NEW DAWN — Tools to Touch in Times is initiated, created and directed by Tobias Faisst in November 2019, unites a multi-disciplinary team of avant-garde thinkers from diverse artistic and creative fields.
Animation, computer-generated imagery (CGI)-enhanced photography, design, performance, video, sound design, and custom-made gloves are the result of collective thinking work, forming their own body of aesthetics that will meet and dialogue with other artistic practices and discourses in a multi-disciplinary exhibition. The collaborative project explores the visual and creative potential of organic and speculative futures around one central object: the glove.
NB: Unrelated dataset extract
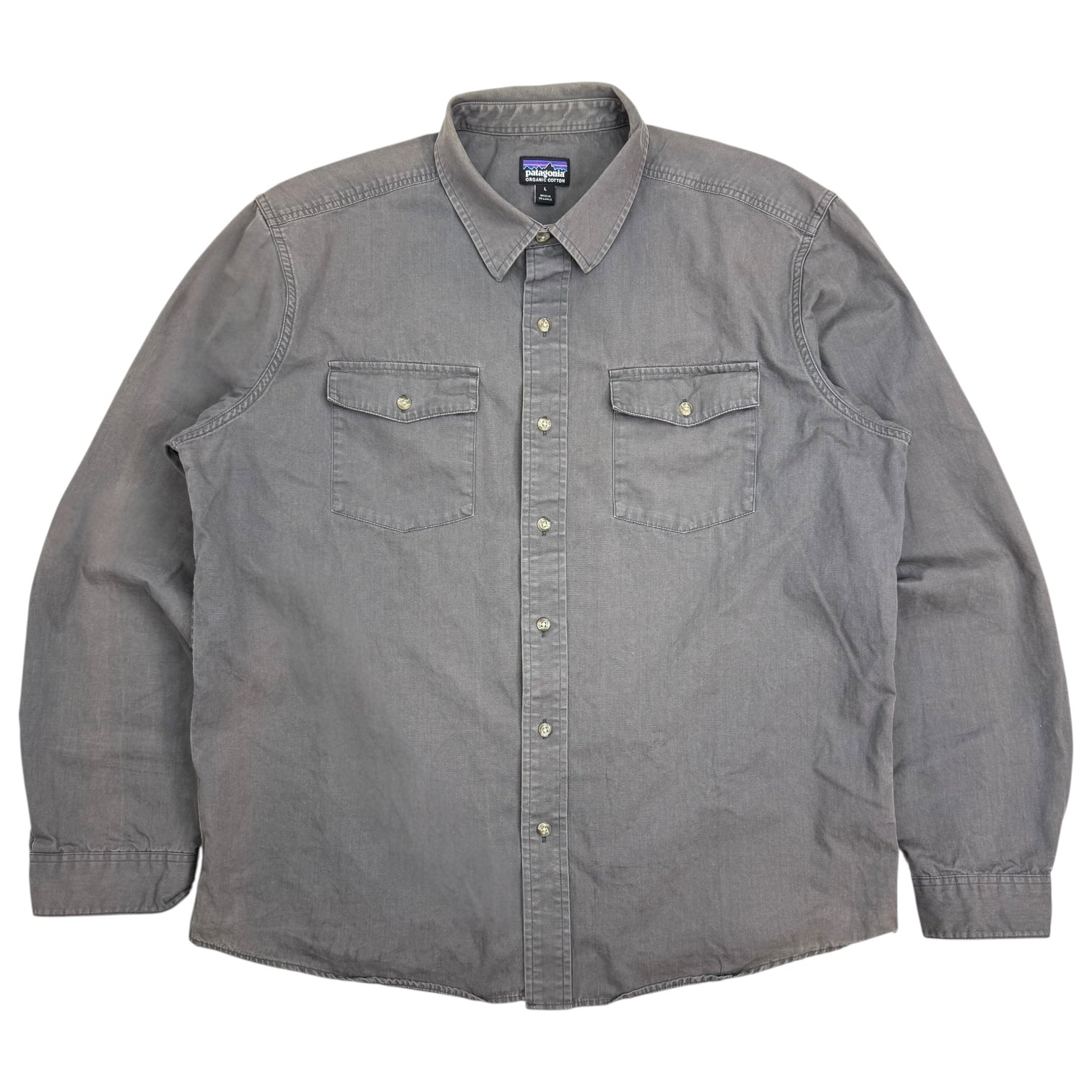 Vintage Patagonia Button Up Shirt Charcoal Grey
The project’s cross-disciplinary character engages and connects on different levels in the conception, production, and creation of content products, envisioning transdisciplinary scenarios where art, design, and technology meet to enable new object-related experiences to be vividly consumed.
Scenario
It is the year 2070 and humankind has achieved new concepts of aesthetics, science, and technology that allow the understanding and imitation of nature, while enabling new forms of preservation and conception processes. Artificial intelligence has granted humanity the faculty to design unique ecosystems, creating an organic and synthetic future where art and technology no longer follow traditional canons in the conception of a visual culture that vividly reinterprets life and its experience. New tools enable new creations: It is in the hand of the new enhanced humankind.
Why Gloves
The idea of fashioning the body possesses a sense of glamour that by far resides not in the mundane and limited conceptions of accessories but rather in the performative use of objects and symbols. Gloves function as a third skin and spark our imagination for ways to expand, fragment, and design the body of desire. Their use, whether in rituals, fashion, or everyday life, casts a spell that transcends sexuality and fetishism, depositing desire as part of a belief system of actant objects. The lure created by the friction of an alien skin has the power to enhance performativity , imagination, and haptic effects, gliding away from limited conceptions of technological prosthetics, commodification, and exchange value.
3D Space
The space’s architecture was created by Adrian Bolog, with exhibition design and curatorial narrative by Maximilian Mauracher, and implies going beyond the body as a physical organism. The space represents diverse modes of inquiring the dialectic relationship between the digital/virtual and physical/material realms to position itself as part of a multiple curatorial apparatus where its speculative character and design nurtures the ideal of an organic future.